In a previous post, I talked about an experience I had in documenting for co-workers how to set up the CS1000E. The root cause of that documentation was the excessive amount of time I spent cleaning up after a field person who refused to install this properly and the subsequent complaints from customers on why the phone system went down during maintenance windows.

Having the ability to add system redundancy (or resiliency) does not necessarily mean that a customer requires said redundancy, but sometimes the lack of the redundancy is not a factor in the customer’s thinking. Sometimes, knowing you can prevent something (if you pay the associated costs) is not worth the money or time.

This is a different decision from arguing that something doesn’t work a particular way– and today I ran into this problem with a customer who did not have the necessary redundant network connections and experienced an outage as a result.

In this particular case, either the cable and/or data switch port went bad.

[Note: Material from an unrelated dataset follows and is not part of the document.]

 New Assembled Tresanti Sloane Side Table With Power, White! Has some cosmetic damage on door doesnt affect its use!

Had the customer installed the necessary redundancy, the failure of a single port would not have been noticed and the system would have kept on trucking.

As part of the post event discussion, I walked them through how the architecture supported additional redundancy and the extent to which that redundancy can be expanded. I decided to work up a diagram to more fully explain what I was talking about.

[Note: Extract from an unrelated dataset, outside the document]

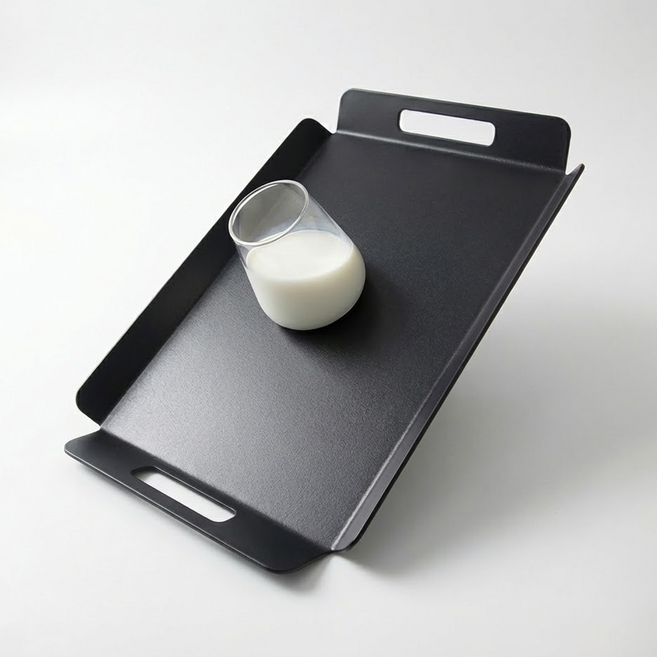 리빙메이트 논슬립 손잡이 카페 쟁반, 블랙, 1개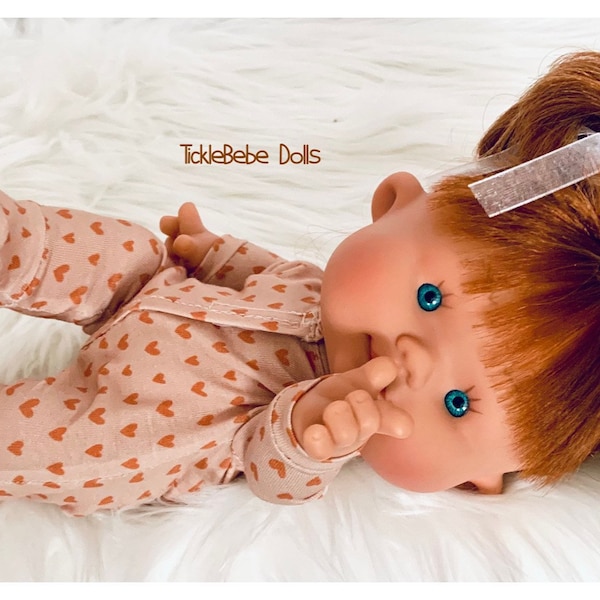 Doll Clothes - Small Pajamas Only  - Tiny Hearts - Light Peach Premium Jersey Knit Fabric - TickleBebe Dolls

This diagram shows a CPPM CS (Call Processor Pentium Mobile – Call Server) connected to the passthrough port on the MGC. The passthrough port permits you to simulate increased CS redundancy to the ELAN network by passing though to either active MGC ELAN interface.

The downside of this connection is that if the MGC undergoes maintenance, or the cable goes bad, you still have a single-point-of-failure.

I would do this primarily only when the environment is also going to deploy redundant TLAN/ELAN data switches for increased network resiliency. Otherwise, connecting the CS directly to the ELAN network makes more architectural sense to me. (That way if you’re installing loadware on the MGC associated with the CS, you don’t cause outages to the entire system when the MGC is rebooted– although there are architectural decisions that can be made to work around some of that as well but we’re not going to cover every possible scenario in this article. Please feel free to comment below to engage in a discussion if you have questions or want to share your observations.)

The diagram also shows the redundant connections from the MGC (faceplate & rear-chassis) connected to a redundant data network. NOTE: I do not show the data switch connectivity with the rest of the network. That’s sort of beyond the scope of the CS1000 resiliency feature. You can, I’m sure, get the gist of it from this article.